(Saved data entries)
***
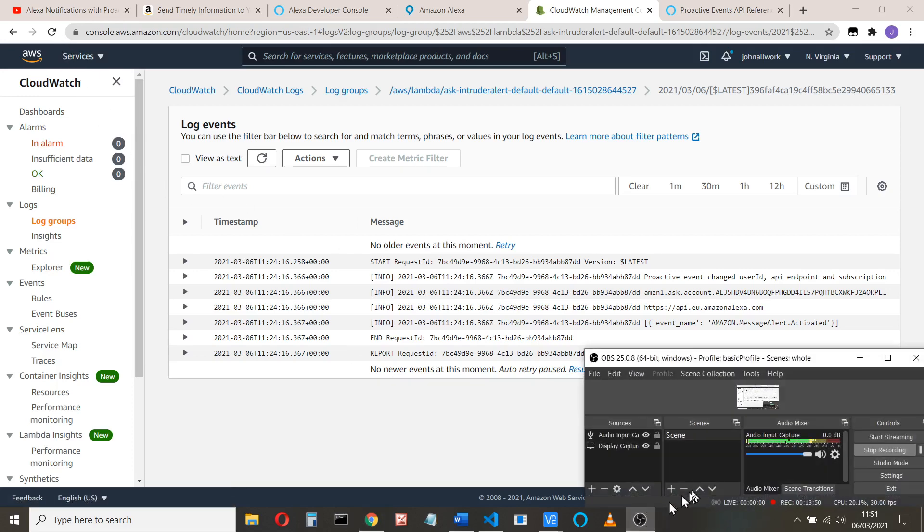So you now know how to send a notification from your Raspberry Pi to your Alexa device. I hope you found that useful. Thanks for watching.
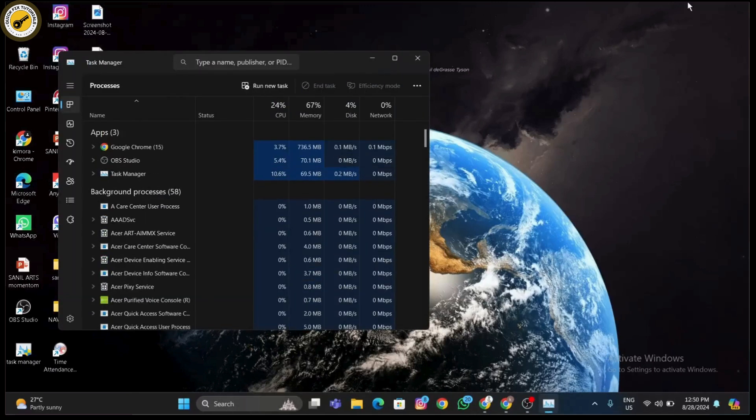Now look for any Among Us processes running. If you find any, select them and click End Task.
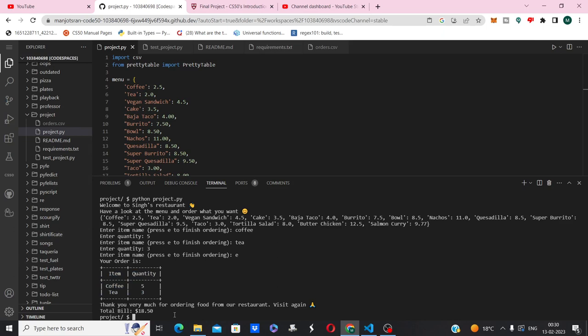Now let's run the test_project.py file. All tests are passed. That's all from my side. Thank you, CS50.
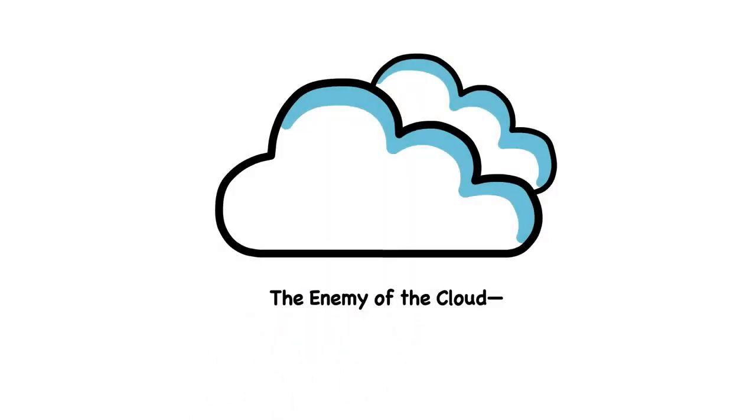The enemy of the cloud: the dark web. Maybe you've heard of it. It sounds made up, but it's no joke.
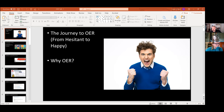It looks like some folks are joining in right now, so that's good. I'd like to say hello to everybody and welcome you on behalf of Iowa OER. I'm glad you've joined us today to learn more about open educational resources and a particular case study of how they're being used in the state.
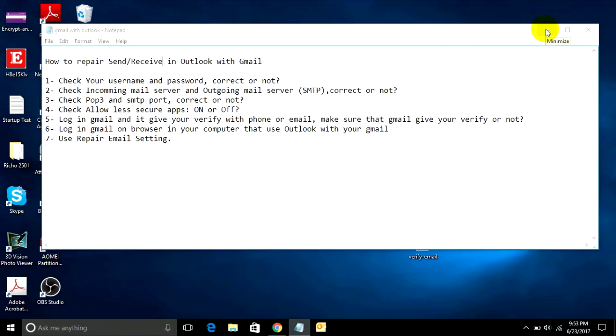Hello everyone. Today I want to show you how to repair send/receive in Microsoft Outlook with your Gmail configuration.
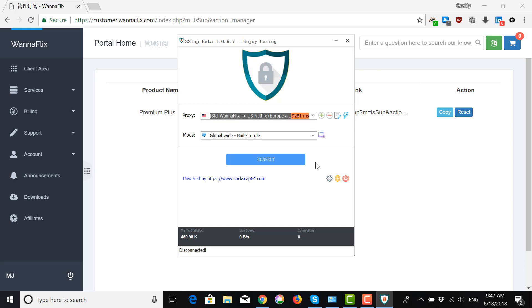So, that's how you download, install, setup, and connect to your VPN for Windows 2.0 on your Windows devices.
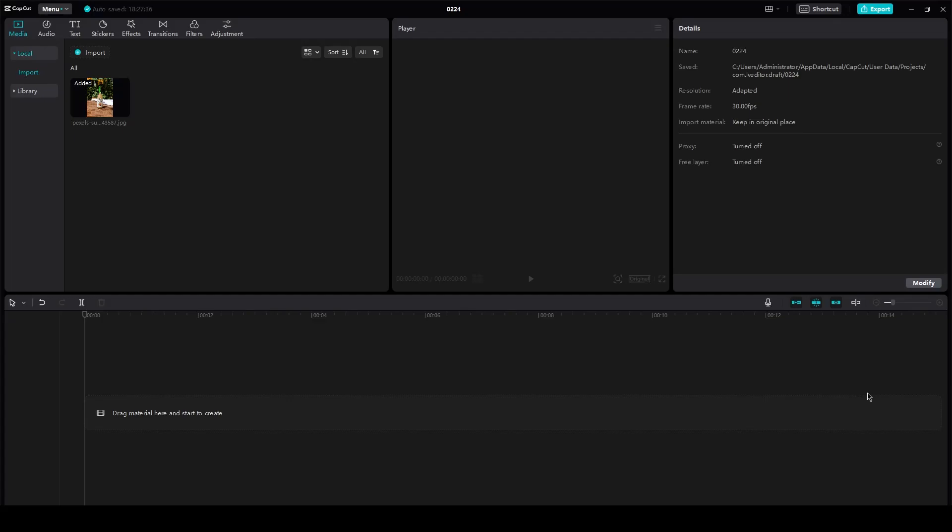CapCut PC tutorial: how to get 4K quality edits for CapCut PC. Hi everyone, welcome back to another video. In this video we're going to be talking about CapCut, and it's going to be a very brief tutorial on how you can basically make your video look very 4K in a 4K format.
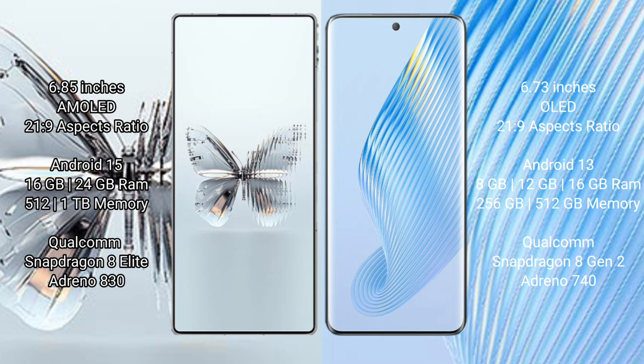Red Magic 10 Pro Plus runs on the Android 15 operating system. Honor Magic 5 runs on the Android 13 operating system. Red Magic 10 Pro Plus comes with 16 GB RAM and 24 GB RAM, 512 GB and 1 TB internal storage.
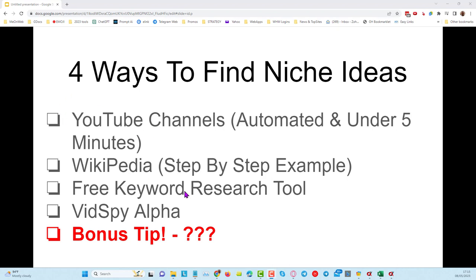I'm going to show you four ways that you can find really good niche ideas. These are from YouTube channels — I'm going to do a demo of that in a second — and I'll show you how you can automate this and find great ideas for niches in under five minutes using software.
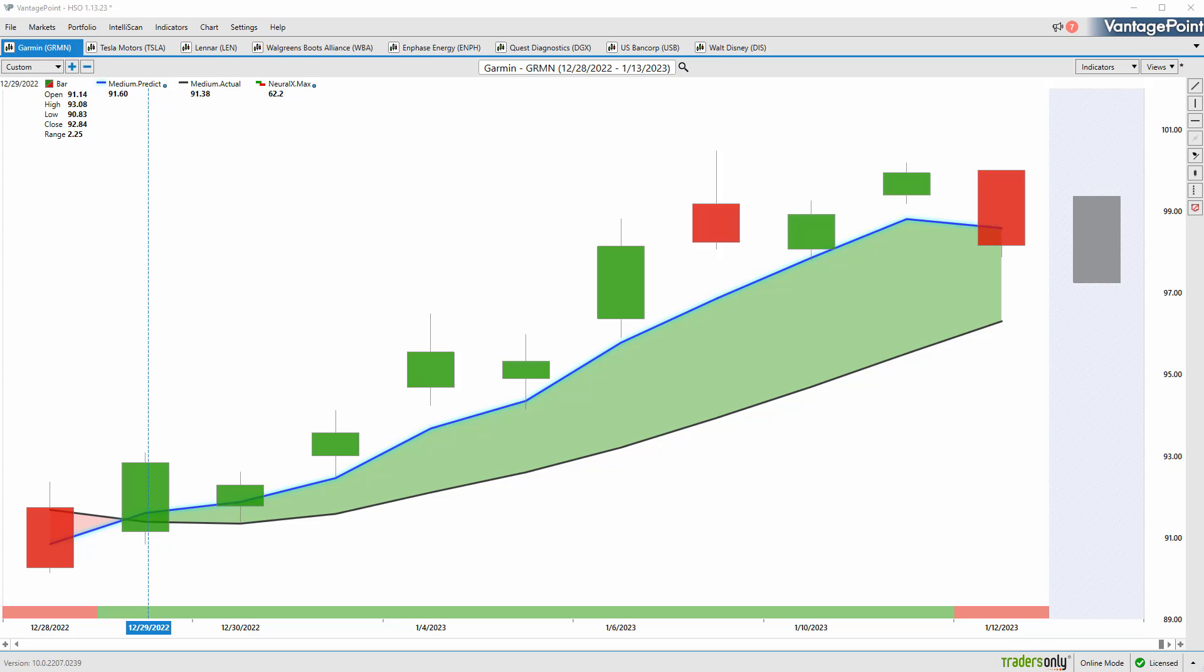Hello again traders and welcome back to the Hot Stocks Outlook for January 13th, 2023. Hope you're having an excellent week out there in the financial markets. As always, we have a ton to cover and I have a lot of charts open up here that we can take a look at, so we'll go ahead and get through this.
***
## Activity
The lines from the one containing "So, that's how" through the last line above are to be repeated exactly, and only those. Any pictures must be left out.

## Task result
So, that's how you download, install, setup, and connect to your VPN for Windows 2.0 on your Windows devices.
CapCut PC tutorial: how to get 4K quality edits for CapCut PC. Hi everyone, welcome back to another video. In this video we're going to be talking about CapCut, and it's going to be a very brief tutorial on how you can basically make your video look very 4K in a 4K format.
Red Magic 10 Pro Plus runs on the Android 15 operating system. Honor Magic 5 runs on the Android 13 operating system. Red Magic 10 Pro Plus comes with 16 GB RAM and 24 GB RAM, 512 GB and 1 TB internal storage.
I'm going to show you four ways that you can find really good niche ideas. These are from YouTube channels — I'm going to do a demo of that in a second — and I'll show you how you can automate this and find great ideas for niches in under five minutes using software.
Hello again traders and welcome back to the Hot Stocks Outlook for January 13th, 2023. Hope you're having an excellent week out there in the financial markets. As always, we have a ton to cover and I have a lot of charts open up here that we can take a look at, so we'll go ahead and get through this.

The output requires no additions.